Begin at the line containing "Girl Blonde short" and copy exactly through the last line of the listing, skipping every picture.

→ **SUPPLIED DATA**
== Segment start ==
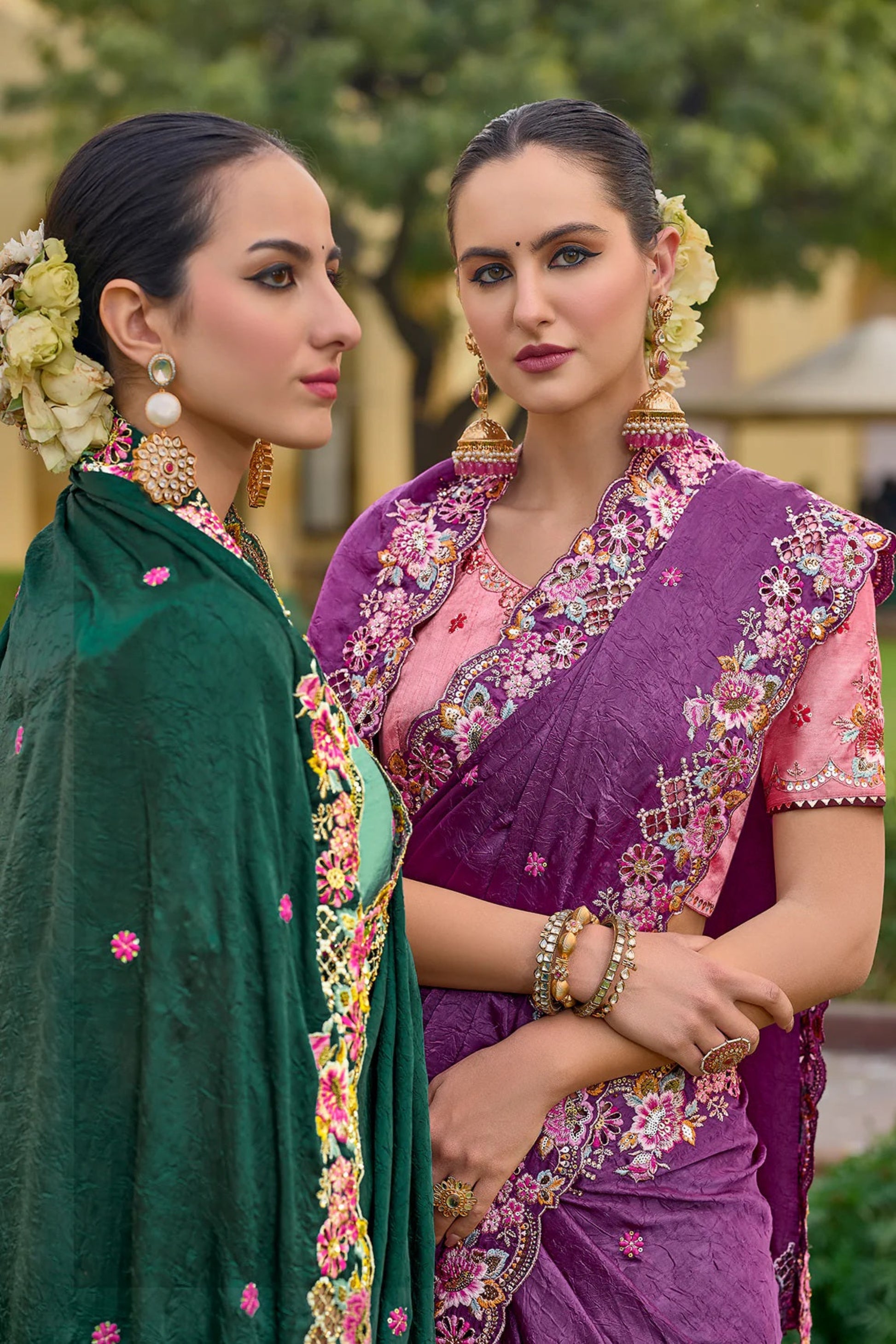 Lavender Saree radiates soft elegance and tranquility – perfect for romantic events, spring celebrations, or relaxing afternoons.
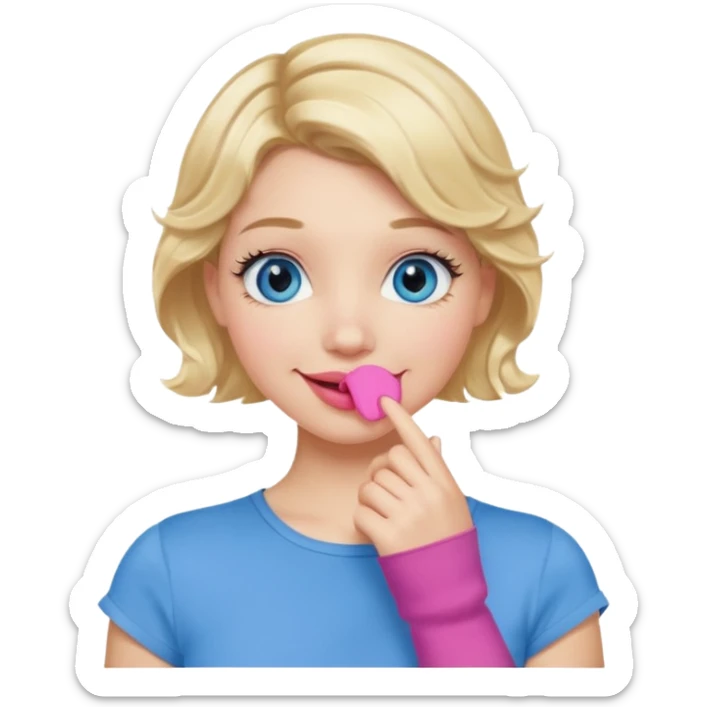 Girl Blonde short wavy hair,  blue eyes, cute blue top, long lashes, pink lips, smiling, hand over the mouth sticker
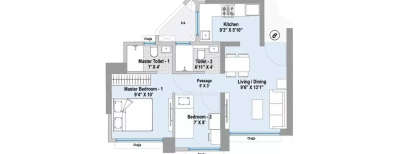 Raheja Lunaris, 2 BHK-452 Sq.ft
== Segment end ==
→ **RESULT FOR THIS TASK**
 Girl Blonde short wavy hair,  blue eyes, cute blue top, long lashes, pink lips, smiling, hand over the mouth sticker
 Raheja Lunaris, 2 BHK-452 Sq.ft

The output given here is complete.